X: The Patriot Act and what Americans read in their libraries. Big Brother is watching you in the library.

But even before September 11 the American media routinely censored themselves on the State of Israel. Relatively little which was negative was to be said about the policies, actions, or even atrocities perpetrated by the State of Israel.

The United States may be the only country in the world in which criticizing the national government is much safer than criticizing a third country actually subsidized by the national government. It is much safer in the United States to criticize Uncle Sam than to criticize the government of Israel.

I know of nobody at an American university who has been denied tenure for criticizing the American government, but people have lost their jobs or their promotions in the United States for criticizing the State of Israel.


In Search of Solutions

What is the solution? Israel is the only aspect of U.S. foreign policy which is truly mission-driven, but the mission is creating anti-American monsters. Clearly this is counter productive. How could we save the positive aspects of the Israeliphilia mission and not incur the cost?

There are two balances which need to be struck.

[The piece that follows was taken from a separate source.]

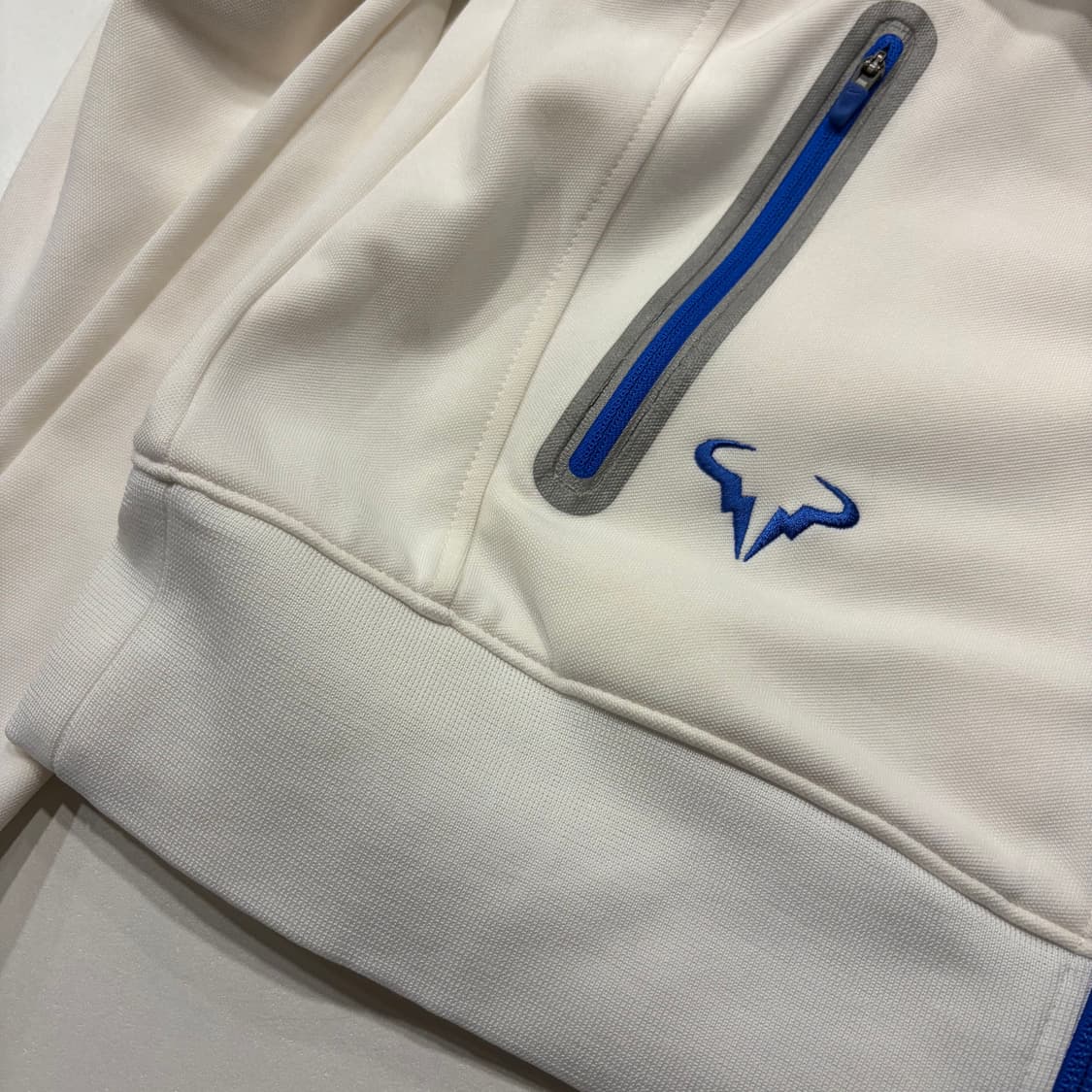 [M] 11s 나이키 라파엘 트랙 져지 자켓 화이트/블루 C938 상품이미지7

The more obvious one is greater even-handedness in balancing the rights of Palestinians with the rights of Israelis. Anything short of that is both inhumane and totally un-American in the democratic sense.

But there is another balance which needs to be struck. The two countries in the world which symbolize the return of the Diaspora to ancestry are Israel, on one side, and Liberia, on the other. Dispersed people returned home and created new nations. Indeed, long before the political Zionist movement of Theodor Hertzel was born in Europe, there was a back-to-Africa movement among dispersed Blacks in the Americas.

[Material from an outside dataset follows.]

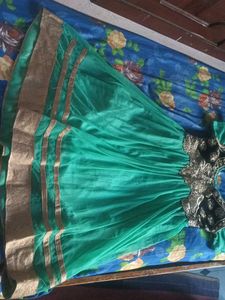 Green &amp; Gold Embellished Dress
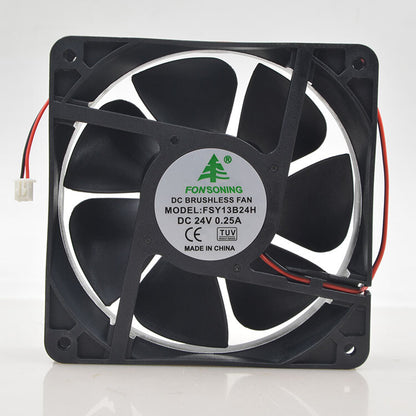 1pcs  FONSONING FSY13B24H 12CM 24V 0.25A 12038 Amplifier Inverter Fan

Long before Jews returned to the Middle East to create the new state of Israel, Black Americans had returned to Africa and created the state of Liberia. This latter movement back to Africa has sometimes been called "BLACK ZIONISM". On balance, the United States has a much more direct obligation to the survival of Liberia than it has to the survival of Israel.

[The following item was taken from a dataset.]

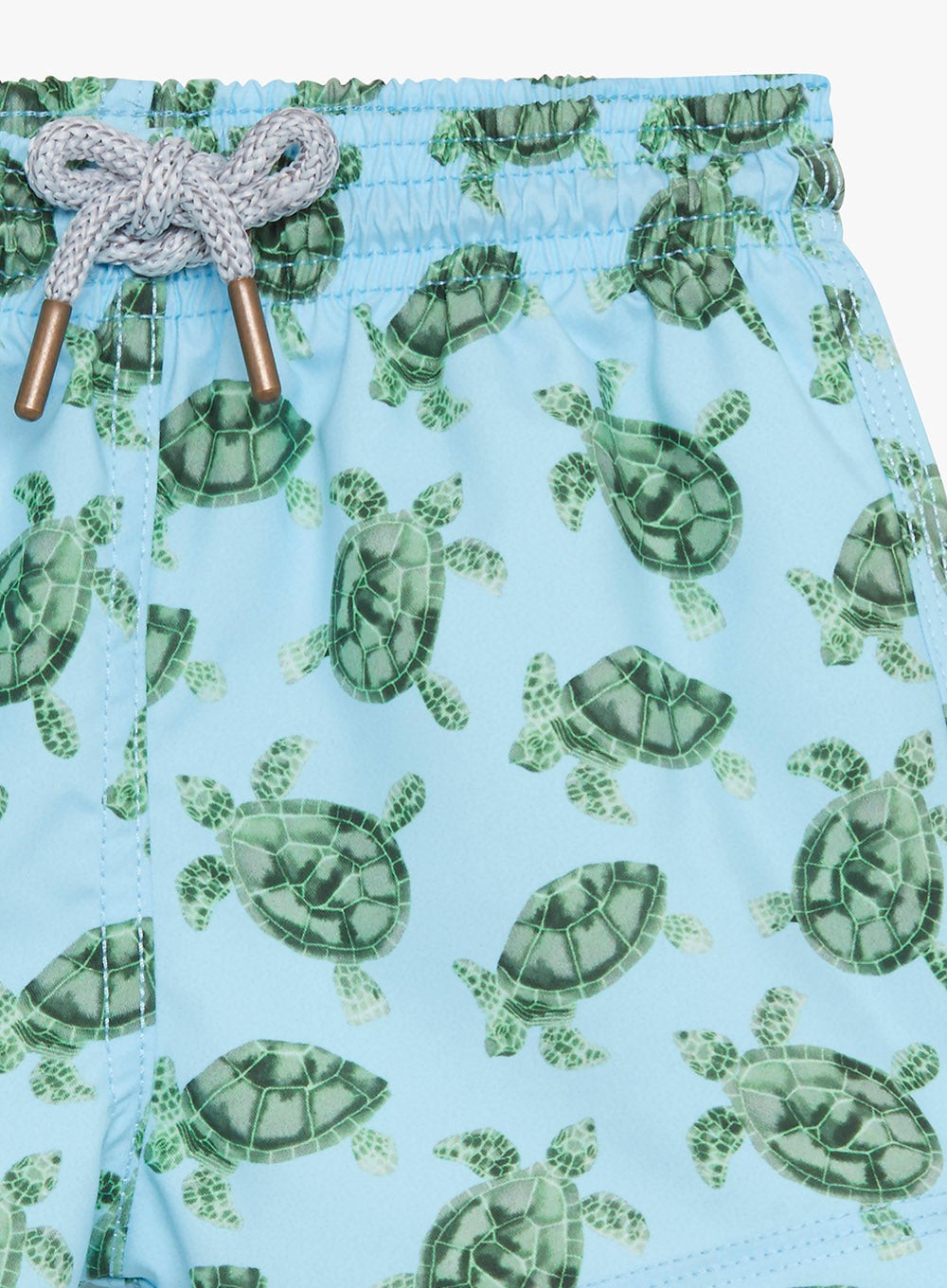 Mens Blue Swim Shorts With 'Tortoise & Turtle' Printed Design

The sense of mission to defend the state of Israel can become a virtue if it is combined with a concern for the just rights of the Palestinians. But this equilibrium in the Middle East needs to be combined with a new sense of mission in Africa. The place to start is Liberia, but extending outward to the rest of the continent.

Just as the United States has spent billions every year to help Israel, it is time for the United States to consider spending a billion a year on Liberia for a decade as part of a wider Marshall Plan for the African continent.

One more change is needed in the United States' orientation towards the outside world. Americans should stop preferring and eulogizing warrior presidents.

Every American president since Franklin D. Roosevelt has engaged in some act of war or another. Roosevelt was inevitably embroiled in World War II; Harry Truman helped to initiate the Korean War; Dwight Eisenhower ended the Korean War but started planning for the Bay of Pigs operation on Cuba; John F. Kennedy unleashed the Bay of Pigs operation and helped to initiate the Vietnam War; Lyndon Johnson escalated the Vietnam war; Richard Nixon bombed Cambodia; Gerald Ford sent the Marines in a disagreement with Cambodia over a U.S. cargo-ship, the Mayaguez; Jimmy Carter attempted to thwart the Iranian revolution and paid heavily for it; Ronald Reagan perpetrated acts of war in Lebanon, the Caribbean, Libya and in shooting down a civilian airline in the Persian Gulf; George Bush Senior invaded Panama and is most famous for Desert Storm in the Persian Gulf; Bill Clinton led military action against Yugoslavia over Kosovo and bombed Sudan and Afghanistan; George W. Bush has already inherited a decade of bombing Baghdad and subsidizing half a century of Israeli militarism against Palestinians. Now this younger Bush has embarked on what he once called a "crusade against terrorism." This could be a war without end. When are we likely to have a victory parade to celebrate the end of the war against terrorism? We may kill Usama bin Laden, but when will the war end?

Every American president since Franklin Roosevelt has regarded an act of war as the equivalent of a rite of passage. The Commander-in-Chief has to "act presidential". And yet the United States hardly ever calls these engagements "acts of war". Even the war in Vietnam which cost nearly sixty thousand American lives and millions of Vietnamese lives, was never officially declared by the United States. America needs to find more humane rites of passage for its leaders.

Terrorism is getting globalized, but the definition of an "act of war" is not. Such a definition is still highly selective, depending upon the power of the perpetrator or the status of the victim. For the immediate future it may also depend upon making sure that Usamaphobia does not degenerate into Islamophobia.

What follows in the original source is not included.